Maandagavond 21 juli staat de Nederlandse clash tussen
Raymond van Barneveld en
Michael van Gerwen op het programma op de
World Matchplay. 'Barney' hoopt dat hij zichzelf kan laten zien tegen zijn rivaal in de Winter Gardens.
De 58-jarige verkeert momenteel niet in grootse vorm. De resultaten blijven uit en ook het geloof lijkt er niet te zijn bij de Hagenaar. "Er is niks leukers dan spraakmakend te zijn, dat de wereld het weer over Van Barneveld heeft. Daar ben je voor bezig, niet om er maar een beetje bij te horen", erkent hij in gesprek met
Sportnieuws.nl. "Mensen schrikken er soms weer van."
Maar waar ligt het dan aan dat het op dit moment niet wil vlotten? Volgens Van Barneveld loopt het tijdens het ingooien altijd lekker, maar wil het op het podium daarna niet lukken. Deze uitspraken zijn niet onbekend uit de mond van 'Barney'. "Leg mij maar eens uit hoe dat kan. Ik probeer daar een verklaring voor te zoeken, maar die is er gewoon niet."

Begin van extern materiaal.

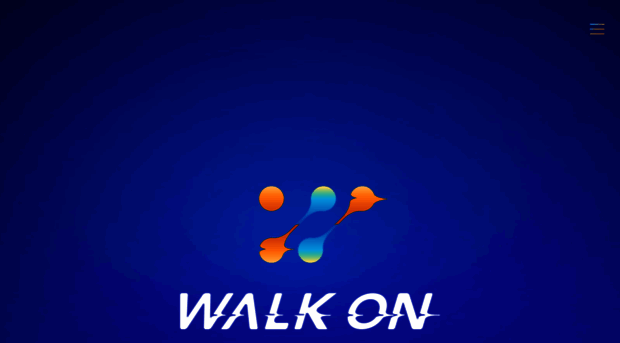 walkon.world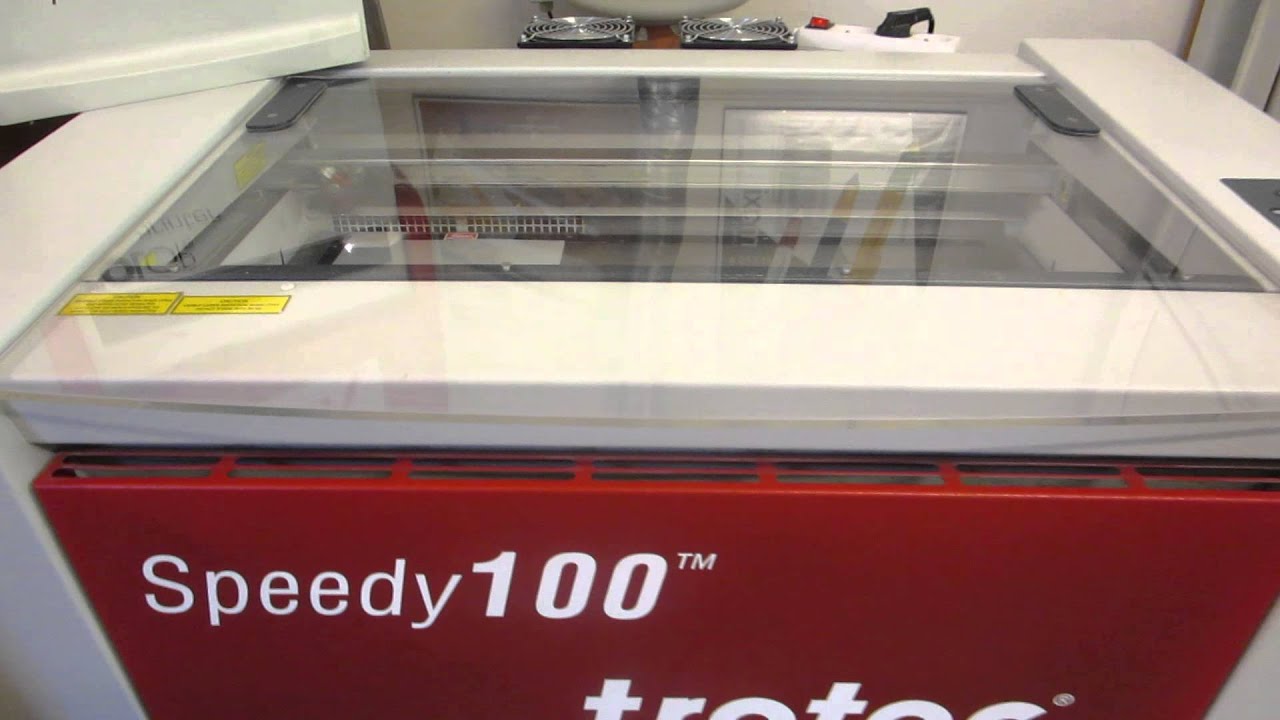 výroba razítka SIGNA Brno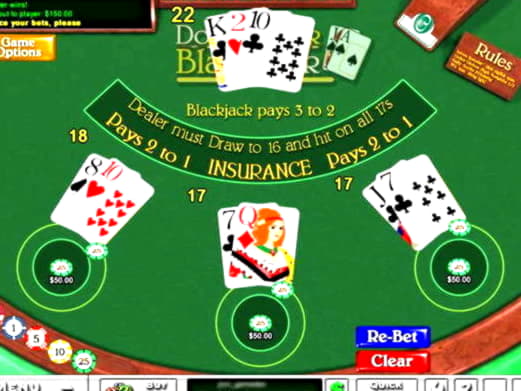 Eur 620 casino chip at Casino com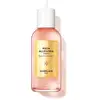Image de Guerlain Aqua Allegoria Forte Yuzu Eau De Parfum Palissando 200ml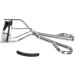 Buy Stainless Steel Eyelash Curler - Portable Beauty Tool for Perfect Lash Curls | Long-Lasting & Suitable for All Eye Shapes - International Shipping Available - Buy Online on GoSupps.com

De Nederlander heeft gemengde gevoelens over de World Matchplay. Onder andere de omstandigheden in de Winter Gardens in Blackpool spelen daar een rol in. "Vroeger was ik een stuk forser en op de Matchplay is het altijd enorm warm. Dan komt het zweet, alles plakt, je pijlen gaan dan minder vloeiend. Er zijn spelers die daar totaal geen last van hebben. Dan vraag ik me weleens af hoe ze dat voor elkaar krijgen. Er zijn mensen die daar altijd pieken en daar ben ik best wel jaloers op."
Toch zijn er ook voordelen aan de opzet van het toernooi voor Van Barneveld. Met één wedstrijd per dag heeft hij genoeg tijd om zijn rust te pakken. En het feit dat hij pas maandagavond in actie komt bevalt de Nederlander ook wel. "Dat vond ik wel fijn, om maandag te spelen in plaats van bijvoorbeeld zaterdag. Anders was alles wat korter geweest. Nu kan ik thuis nog wat gooien en hoef ik pas later te reizen. Dat vind ik wel fijn. En mocht ik winnen, dan moet ik woensdag weer, kan ik weer lekker opbouwen. Het kost mij ongelofelijk veel energie", concludeert hij.
Een ander belangrijk onderdeel in zijn voorbereiding is zijn suikerziekte, waardoor alle perfect geregeld moet zijn in aanloop naar zijn wedstrijden. "Voor mij is het belangrijk dat ik ontbijt, lunch én avondeten kan pakken en daarna naar de zaal kan. Als ik al 's middags zou moeten, is het kort en kan ik maar maximaal twee keer eten. Dat is vervelend voor mijn suikerziekte. Ik vind 's avonds spelen daarom natuurlijk lekkerder", besluit hij.